The steep slope of Ellingwood looked quite intimidating across to the north as I began the descent from Blanca. From this vantage point the ascent of Ellingwood looked nearly straight up. I descended along the ridge toward the saddle between Blanca and Ellingwood, and dropped below some cliffs near the saddle before beginning to ascend the slopes toward Ellingwood. This ascent, although quite steep, proved to be much easier than it had looked, and I scrambled atop Ellingwood’s summit a few minutes after 1 p.m. Although the sky was now cloudy, the weather was holding up quite well as I sat on the summit for a while and enjoyed the views as I had done on Blanca. Looking back over at Blanca, its steep slopes now looked as intimidating as Ellingwood’s had a short time earlier. The pointed summit of Ellingwood felt like a rather airy perch, with steep slopes dropping away on every side. You knew you were on a mountain while sitting on this one. I spoke briefly with a nice older gentleman from Utah, who was enjoying lunch atop his 51st 14er.

About 1:30 I began the descent down Ellingwood’s steep, rocky slopes toward the lakes below. I noticed that this steep terrain bothered Allie somewhat, as she carefully chose her route down through the treacherous footing on this steep slope, and stayed behind me in many places. She was only ten months old, and this was her first adventure on such loose footing.

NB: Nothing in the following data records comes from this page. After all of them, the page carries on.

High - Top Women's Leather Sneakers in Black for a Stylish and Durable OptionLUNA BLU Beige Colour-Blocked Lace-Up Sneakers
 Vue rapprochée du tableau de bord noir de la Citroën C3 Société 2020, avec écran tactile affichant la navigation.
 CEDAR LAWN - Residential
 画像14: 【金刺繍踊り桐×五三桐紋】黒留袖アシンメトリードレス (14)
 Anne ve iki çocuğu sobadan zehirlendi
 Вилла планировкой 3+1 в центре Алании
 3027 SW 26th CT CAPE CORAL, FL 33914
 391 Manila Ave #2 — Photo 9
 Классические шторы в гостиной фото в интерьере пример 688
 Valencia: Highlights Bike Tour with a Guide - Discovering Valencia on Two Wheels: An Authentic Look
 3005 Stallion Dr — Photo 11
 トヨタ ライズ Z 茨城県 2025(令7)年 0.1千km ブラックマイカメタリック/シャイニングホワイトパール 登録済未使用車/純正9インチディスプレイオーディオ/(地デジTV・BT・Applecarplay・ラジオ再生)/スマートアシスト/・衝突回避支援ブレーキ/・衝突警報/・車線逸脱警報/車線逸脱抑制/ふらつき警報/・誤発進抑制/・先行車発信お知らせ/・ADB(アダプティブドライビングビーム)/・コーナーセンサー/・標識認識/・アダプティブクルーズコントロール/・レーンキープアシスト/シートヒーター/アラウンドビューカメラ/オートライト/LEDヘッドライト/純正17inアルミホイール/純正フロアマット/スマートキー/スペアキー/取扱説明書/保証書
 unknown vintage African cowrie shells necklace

The Texans had chosen to forgo Ellingwood, and I overtook them on the descent near Crater Lake. They had been watching my progress on Ellingwood, and the man commented that I had made it look easy, which was a compliment I appreciated. The woman was suffering from an altitude headache, and I gave her some Rolaids and encouraged her to drink a lot of water, as I showed them the operation of my water filter while I refilled my water bottles at one of the lakes. They had backpacked up to Como Lake and were camped nearby, and they could hardly believe that I had driven in from Colorado Springs that morning and was returning home that evening. After I left them I hiked rapidly on down the trail to Como Lake. There were other parties setting up camps in the vicinity of the lake. Everyone else I met that day apparently backpacked in to climb these summits. No one else was crazy enough to do the climbs on a dayhike as I had done.

After a short break at the lake I pushed on down the rugged four wheel drive road. I met another backpacker from San Antonio going up, who told me he was going to attempt Little Bear the next day. I found it somewhat easier to hike down the road than it had been coming up, but it was still rough going. I was very tired and my toes were now hurting. The weather had become much cloudier and hazier, and I could see a rain shower approaching from the south. I staggered back to my truck at about 5 p.m., fed my exhausted dog, and left just as it started to rain. I arrived home about 9 p.m., culminating a long day that included a nine and a half hour hike and seven hours of driving. It had been quite an adventure, and it felt good to accomplish a feat that I wasn’t sure I could do. It is good to push our personal limits now and then.